[Opening Recorded information section]

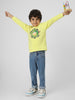 Boys Graphic Printed Yellow Pullover Sweatshirt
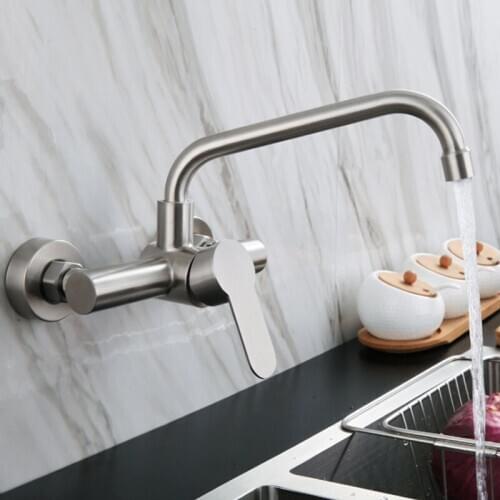 Wall Mounted Kitchen Sink Faucet 304 Stainless Steel Wire Draw Cold Hot Water Mixer Tap Basin Faucets Single Handle Double Hole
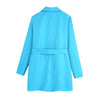 SuperAen European and American Style Women's Wear 2023 with Belt Solid Color Office Lady Blue Women Blazer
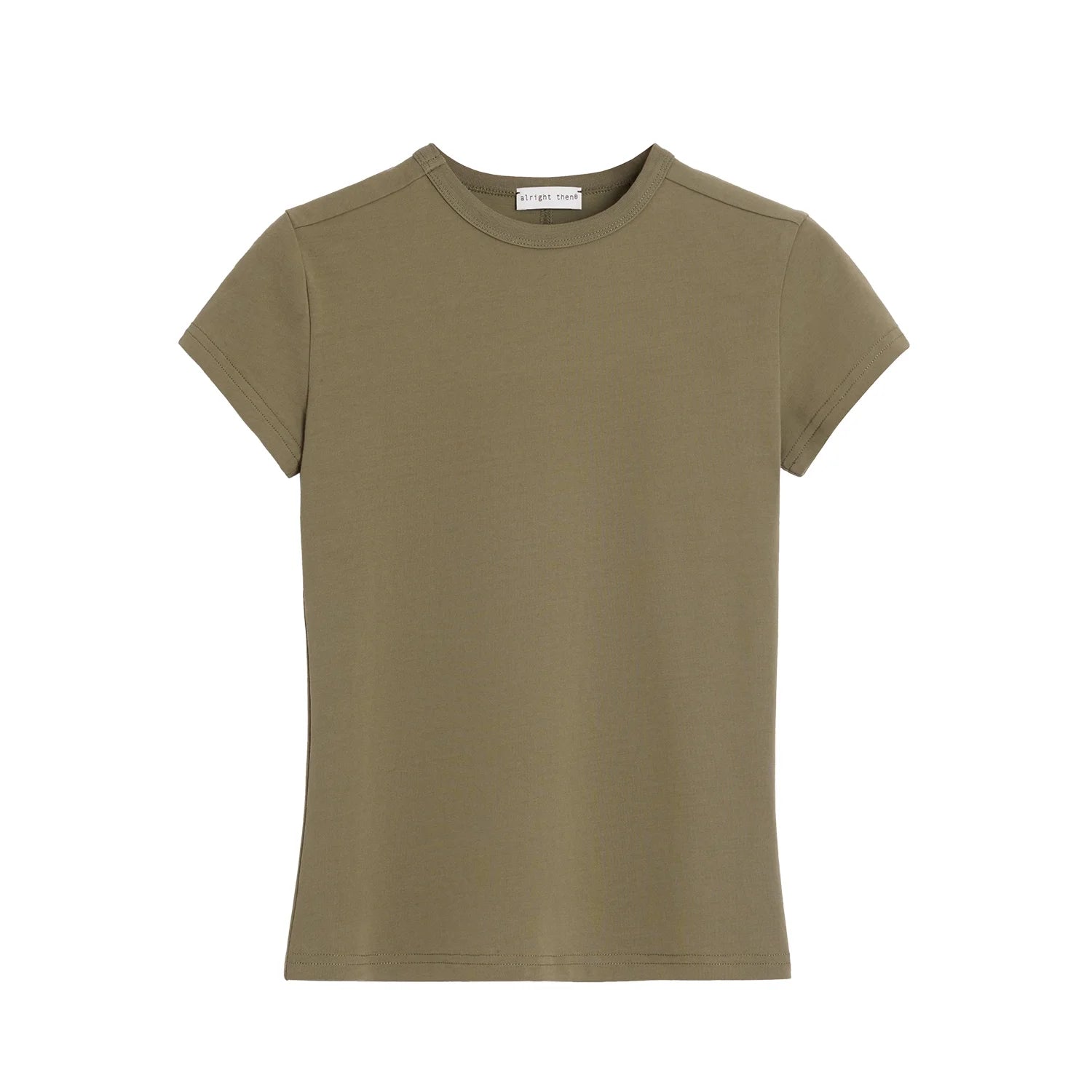 alright then Women's Slim Fit Crew Neck Cotton T-Shirt - Short Sleeve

[Closing Recorded information section]

Write out the listing above exactly as it stands, pictures excluded.

> Task result:
 Boys Graphic Printed Yellow Pullover Sweatshirt
 Wall Mounted Kitchen Sink Faucet 304 Stainless Steel Wire Draw Cold Hot Water Mixer Tap Basin Faucets Single Handle Double Hole
 SuperAen European and American Style Women's Wear 2023 with Belt Solid Color Office Lady Blue Women Blazer
 alright then Women's Slim Fit Crew Neck Cotton T-Shirt - Short Sleeve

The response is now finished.